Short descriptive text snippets

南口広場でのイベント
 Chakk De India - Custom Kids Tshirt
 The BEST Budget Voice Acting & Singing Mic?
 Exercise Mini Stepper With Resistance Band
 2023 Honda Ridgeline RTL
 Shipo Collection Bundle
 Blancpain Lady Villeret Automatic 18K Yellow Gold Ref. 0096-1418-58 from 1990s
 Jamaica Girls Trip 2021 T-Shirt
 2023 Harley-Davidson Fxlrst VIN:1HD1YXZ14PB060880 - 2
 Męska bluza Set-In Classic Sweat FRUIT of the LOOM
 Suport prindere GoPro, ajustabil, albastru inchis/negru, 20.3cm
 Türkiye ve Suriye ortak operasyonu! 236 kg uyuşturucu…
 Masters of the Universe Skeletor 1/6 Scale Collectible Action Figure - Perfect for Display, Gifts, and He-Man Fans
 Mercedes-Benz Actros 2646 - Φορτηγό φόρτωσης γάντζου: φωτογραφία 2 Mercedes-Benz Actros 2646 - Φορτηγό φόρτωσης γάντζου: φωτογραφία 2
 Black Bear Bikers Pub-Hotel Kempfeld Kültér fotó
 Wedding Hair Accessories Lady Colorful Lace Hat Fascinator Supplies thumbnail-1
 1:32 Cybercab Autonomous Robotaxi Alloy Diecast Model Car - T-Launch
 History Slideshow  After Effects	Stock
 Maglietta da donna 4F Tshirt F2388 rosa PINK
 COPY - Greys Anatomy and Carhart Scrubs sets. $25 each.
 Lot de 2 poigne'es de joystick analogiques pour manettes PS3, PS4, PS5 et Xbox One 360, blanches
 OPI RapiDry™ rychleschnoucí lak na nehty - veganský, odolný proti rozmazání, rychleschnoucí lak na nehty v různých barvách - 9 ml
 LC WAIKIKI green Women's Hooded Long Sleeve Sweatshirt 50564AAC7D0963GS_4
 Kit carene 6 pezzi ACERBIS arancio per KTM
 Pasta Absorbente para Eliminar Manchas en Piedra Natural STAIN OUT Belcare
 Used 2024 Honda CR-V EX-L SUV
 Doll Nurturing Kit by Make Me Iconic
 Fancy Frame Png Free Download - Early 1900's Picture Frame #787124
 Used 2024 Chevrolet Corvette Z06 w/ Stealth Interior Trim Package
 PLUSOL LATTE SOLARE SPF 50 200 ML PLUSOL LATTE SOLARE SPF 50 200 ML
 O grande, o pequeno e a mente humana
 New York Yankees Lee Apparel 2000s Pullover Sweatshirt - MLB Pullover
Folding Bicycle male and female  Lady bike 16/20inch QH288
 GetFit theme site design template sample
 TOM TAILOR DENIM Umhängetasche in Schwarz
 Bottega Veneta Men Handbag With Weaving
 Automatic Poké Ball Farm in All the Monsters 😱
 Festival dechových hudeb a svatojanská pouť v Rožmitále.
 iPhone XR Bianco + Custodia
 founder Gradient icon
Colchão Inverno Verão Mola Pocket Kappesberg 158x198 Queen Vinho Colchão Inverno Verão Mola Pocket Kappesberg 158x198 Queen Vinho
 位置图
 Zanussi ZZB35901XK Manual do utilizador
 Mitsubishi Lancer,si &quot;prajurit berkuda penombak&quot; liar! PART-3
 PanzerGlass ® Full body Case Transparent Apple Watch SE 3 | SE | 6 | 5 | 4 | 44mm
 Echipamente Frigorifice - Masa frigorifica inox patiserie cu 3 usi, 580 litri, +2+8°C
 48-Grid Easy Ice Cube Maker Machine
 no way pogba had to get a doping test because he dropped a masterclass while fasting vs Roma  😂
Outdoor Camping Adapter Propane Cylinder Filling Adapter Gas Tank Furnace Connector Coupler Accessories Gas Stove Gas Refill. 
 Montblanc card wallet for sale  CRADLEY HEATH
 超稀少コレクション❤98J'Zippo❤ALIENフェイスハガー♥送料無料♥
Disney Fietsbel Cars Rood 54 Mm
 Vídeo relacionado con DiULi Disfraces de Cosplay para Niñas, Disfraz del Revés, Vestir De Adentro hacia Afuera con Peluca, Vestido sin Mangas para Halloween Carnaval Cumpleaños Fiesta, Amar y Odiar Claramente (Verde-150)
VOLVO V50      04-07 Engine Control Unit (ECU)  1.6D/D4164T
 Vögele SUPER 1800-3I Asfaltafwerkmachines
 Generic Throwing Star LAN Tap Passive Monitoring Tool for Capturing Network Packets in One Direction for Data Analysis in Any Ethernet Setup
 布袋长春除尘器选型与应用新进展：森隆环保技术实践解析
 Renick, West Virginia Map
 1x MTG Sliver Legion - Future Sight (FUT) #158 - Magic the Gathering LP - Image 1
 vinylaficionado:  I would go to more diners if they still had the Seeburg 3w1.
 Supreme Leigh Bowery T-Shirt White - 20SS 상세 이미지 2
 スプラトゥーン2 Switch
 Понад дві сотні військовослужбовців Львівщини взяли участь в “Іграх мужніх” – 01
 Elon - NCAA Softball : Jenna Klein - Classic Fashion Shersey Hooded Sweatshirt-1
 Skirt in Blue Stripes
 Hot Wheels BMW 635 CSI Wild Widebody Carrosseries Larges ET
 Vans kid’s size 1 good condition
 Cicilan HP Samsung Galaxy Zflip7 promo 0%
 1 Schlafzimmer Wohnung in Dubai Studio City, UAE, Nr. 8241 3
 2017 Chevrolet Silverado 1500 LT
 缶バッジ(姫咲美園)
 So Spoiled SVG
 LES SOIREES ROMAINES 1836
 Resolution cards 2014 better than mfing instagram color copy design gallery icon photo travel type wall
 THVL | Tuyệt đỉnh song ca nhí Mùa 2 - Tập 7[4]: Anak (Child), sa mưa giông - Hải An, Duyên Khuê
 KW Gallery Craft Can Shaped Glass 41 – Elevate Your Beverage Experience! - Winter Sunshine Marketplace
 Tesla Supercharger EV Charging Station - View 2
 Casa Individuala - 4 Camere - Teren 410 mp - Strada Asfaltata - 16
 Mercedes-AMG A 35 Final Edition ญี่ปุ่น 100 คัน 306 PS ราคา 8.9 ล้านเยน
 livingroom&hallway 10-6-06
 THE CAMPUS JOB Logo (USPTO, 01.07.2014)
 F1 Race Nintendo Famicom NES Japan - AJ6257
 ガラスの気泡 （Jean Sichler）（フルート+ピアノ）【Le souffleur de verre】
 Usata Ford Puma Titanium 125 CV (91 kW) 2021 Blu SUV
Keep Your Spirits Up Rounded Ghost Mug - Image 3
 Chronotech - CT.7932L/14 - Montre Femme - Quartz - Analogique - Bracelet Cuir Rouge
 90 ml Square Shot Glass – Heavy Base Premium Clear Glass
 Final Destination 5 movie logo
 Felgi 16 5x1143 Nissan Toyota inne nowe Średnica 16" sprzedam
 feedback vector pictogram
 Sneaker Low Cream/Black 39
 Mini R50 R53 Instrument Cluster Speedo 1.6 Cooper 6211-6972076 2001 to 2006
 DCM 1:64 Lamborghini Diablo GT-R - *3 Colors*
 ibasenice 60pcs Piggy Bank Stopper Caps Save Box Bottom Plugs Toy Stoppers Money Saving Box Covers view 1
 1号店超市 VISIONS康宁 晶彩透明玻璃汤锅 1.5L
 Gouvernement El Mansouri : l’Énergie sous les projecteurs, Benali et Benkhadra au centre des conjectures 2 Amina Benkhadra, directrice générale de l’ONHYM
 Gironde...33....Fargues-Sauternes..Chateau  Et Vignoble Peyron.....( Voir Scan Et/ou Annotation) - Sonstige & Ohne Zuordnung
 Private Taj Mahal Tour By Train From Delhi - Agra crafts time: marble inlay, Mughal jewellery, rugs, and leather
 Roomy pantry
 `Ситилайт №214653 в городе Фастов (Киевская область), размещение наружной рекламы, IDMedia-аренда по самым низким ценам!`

**Exercise brief**.
Write the entries again, exactly as they stand.

**Answer below**.
南口広場でのイベント
 Chakk De India - Custom Kids Tshirt
 The BEST Budget Voice Acting & Singing Mic?
 Exercise Mini Stepper With Resistance Band
 2023 Honda Ridgeline RTL
 Shipo Collection Bundle
 Blancpain Lady Villeret Automatic 18K Yellow Gold Ref. 0096-1418-58 from 1990s
 Jamaica Girls Trip 2021 T-Shirt
 2023 Harley-Davidson Fxlrst VIN:1HD1YXZ14PB060880 - 2
 Męska bluza Set-In Classic Sweat FRUIT of the LOOM
 Suport prindere GoPro, ajustabil, albastru inchis/negru, 20.3cm
 Türkiye ve Suriye ortak operasyonu! 236 kg uyuşturucu…
 Masters of the Universe Skeletor 1/6 Scale Collectible Action Figure - Perfect for Display, Gifts, and He-Man Fans
 Mercedes-Benz Actros 2646 - Φορτηγό φόρτωσης γάντζου: φωτογραφία 2 Mercedes-Benz Actros 2646 - Φορτηγό φόρτωσης γάντζου: φωτογραφία 2
 Black Bear Bikers Pub-Hotel Kempfeld Kültér fotó
 Wedding Hair Accessories Lady Colorful Lace Hat Fascinator Supplies thumbnail-1
 1:32 Cybercab Autonomous Robotaxi Alloy Diecast Model Car - T-Launch
 History Slideshow  After Effects	Stock
 Maglietta da donna 4F Tshirt F2388 rosa PINK
 COPY - Greys Anatomy and Carhart Scrubs sets. $25 each.
 Lot de 2 poigne'es de joystick analogiques pour manettes PS3, PS4, PS5 et Xbox One 360, blanches
 OPI RapiDry™ rychleschnoucí lak na nehty - veganský, odolný proti rozmazání, rychleschnoucí lak na nehty v různých barvách - 9 ml
 LC WAIKIKI green Women's Hooded Long Sleeve Sweatshirt 50564AAC7D0963GS_4
 Kit carene 6 pezzi ACERBIS arancio per KTM
 Pasta Absorbente para Eliminar Manchas en Piedra Natural STAIN OUT Belcare
 Used 2024 Honda CR-V EX-L SUV
 Doll Nurturing Kit by Make Me Iconic
 Fancy Frame Png Free Download - Early 1900's Picture Frame #787124
 Used 2024 Chevrolet Corvette Z06 w/ Stealth Interior Trim Package
 PLUSOL LATTE SOLARE SPF 50 200 ML PLUSOL LATTE SOLARE SPF 50 200 ML
 O grande, o pequeno e a mente humana
 New York Yankees Lee Apparel 2000s Pullover Sweatshirt - MLB Pullover
Folding Bicycle male and female  Lady bike 16/20inch QH288
 GetFit theme site design template sample
 TOM TAILOR DENIM Umhängetasche in Schwarz
 Bottega Veneta Men Handbag With Weaving
 Automatic Poké Ball Farm in All the Monsters 😱
 Festival dechových hudeb a svatojanská pouť v Rožmitále.
 iPhone XR Bianco + Custodia
 founder Gradient icon
Colchão Inverno Verão Mola Pocket Kappesberg 158x198 Queen Vinho Colchão Inverno Verão Mola Pocket Kappesberg 158x198 Queen Vinho
 位置图
 Zanussi ZZB35901XK Manual do utilizador
 Mitsubishi Lancer,si &quot;prajurit berkuda penombak&quot; liar! PART-3
 PanzerGlass ® Full body Case Transparent Apple Watch SE 3 | SE | 6 | 5 | 4 | 44mm
 Echipamente Frigorifice - Masa frigorifica inox patiserie cu 3 usi, 580 litri, +2+8°C
 48-Grid Easy Ice Cube Maker Machine
 no way pogba had to get a doping test because he dropped a masterclass while fasting vs Roma  😂
Outdoor Camping Adapter Propane Cylinder Filling Adapter Gas Tank Furnace Connector Coupler Accessories Gas Stove Gas Refill. 
 Montblanc card wallet for sale  CRADLEY HEATH
 超稀少コレクション❤98J'Zippo❤ALIENフェイスハガー♥送料無料♥
Disney Fietsbel Cars Rood 54 Mm
 Vídeo relacionado con DiULi Disfraces de Cosplay para Niñas, Disfraz del Revés, Vestir De Adentro hacia Afuera con Peluca, Vestido sin Mangas para Halloween Carnaval Cumpleaños Fiesta, Amar y Odiar Claramente (Verde-150)
VOLVO V50      04-07 Engine Control Unit (ECU)  1.6D/D4164T
 Vögele SUPER 1800-3I Asfaltafwerkmachines
 Generic Throwing Star LAN Tap Passive Monitoring Tool for Capturing Network Packets in One Direction for Data Analysis in Any Ethernet Setup
 布袋长春除尘器选型与应用新进展：森隆环保技术实践解析
 Renick, West Virginia Map
 1x MTG Sliver Legion - Future Sight (FUT) #158 - Magic the Gathering LP - Image 1
 vinylaficionado:  I would go to more diners if they still had the Seeburg 3w1.
 Supreme Leigh Bowery T-Shirt White - 20SS 상세 이미지 2
 スプラトゥーン2 Switch
 Понад дві сотні військовослужбовців Львівщини взяли участь в “Іграх мужніх” – 01
 Elon - NCAA Softball : Jenna Klein - Classic Fashion Shersey Hooded Sweatshirt-1
 Skirt in Blue Stripes
 Hot Wheels BMW 635 CSI Wild Widebody Carrosseries Larges ET
 Vans kid’s size 1 good condition
 Cicilan HP Samsung Galaxy Zflip7 promo 0%
 1 Schlafzimmer Wohnung in Dubai Studio City, UAE, Nr. 8241 3
 2017 Chevrolet Silverado 1500 LT
 缶バッジ(姫咲美園)
 So Spoiled SVG
 LES SOIREES ROMAINES 1836
 Resolution cards 2014 better than mfing instagram color copy design gallery icon photo travel type wall
 THVL | Tuyệt đỉnh song ca nhí Mùa 2 - Tập 7[4]: Anak (Child), sa mưa giông - Hải An, Duyên Khuê
 KW Gallery Craft Can Shaped Glass 41 – Elevate Your Beverage Experience! - Winter Sunshine Marketplace
 Tesla Supercharger EV Charging Station - View 2
 Casa Individuala - 4 Camere - Teren 410 mp - Strada Asfaltata - 16
 Mercedes-AMG A 35 Final Edition ญี่ปุ่น 100 คัน 306 PS ราคา 8.9 ล้านเยน
 livingroom&hallway 10-6-06
 THE CAMPUS JOB Logo (USPTO, 01.07.2014)
 F1 Race Nintendo Famicom NES Japan - AJ6257
 ガラスの気泡 （Jean Sichler）（フルート+ピアノ）【Le souffleur de verre】
 Usata Ford Puma Titanium 125 CV (91 kW) 2021 Blu SUV
Keep Your Spirits Up Rounded Ghost Mug - Image 3
 Chronotech - CT.7932L/14 - Montre Femme - Quartz - Analogique - Bracelet Cuir Rouge
 90 ml Square Shot Glass – Heavy Base Premium Clear Glass
 Final Destination 5 movie logo
 Felgi 16 5x1143 Nissan Toyota inne nowe Średnica 16" sprzedam
 feedback vector pictogram
 Sneaker Low Cream/Black 39
 Mini R50 R53 Instrument Cluster Speedo 1.6 Cooper 6211-6972076 2001 to 2006
 DCM 1:64 Lamborghini Diablo GT-R - *3 Colors*
 ibasenice 60pcs Piggy Bank Stopper Caps Save Box Bottom Plugs Toy Stoppers Money Saving Box Covers view 1
 1号店超市 VISIONS康宁 晶彩透明玻璃汤锅 1.5L
 Gouvernement El Mansouri : l’Énergie sous les projecteurs, Benali et Benkhadra au centre des conjectures 2 Amina Benkhadra, directrice générale de l’ONHYM
 Gironde...33....Fargues-Sauternes..Chateau  Et Vignoble Peyron.....( Voir Scan Et/ou Annotation) - Sonstige & Ohne Zuordnung
 Private Taj Mahal Tour By Train From Delhi - Agra crafts time: marble inlay, Mughal jewellery, rugs, and leather
 Roomy pantry
 `Ситилайт №214653 в городе Фастов (Киевская область), размещение наружной рекламы, IDMedia-аренда по самым низким ценам!`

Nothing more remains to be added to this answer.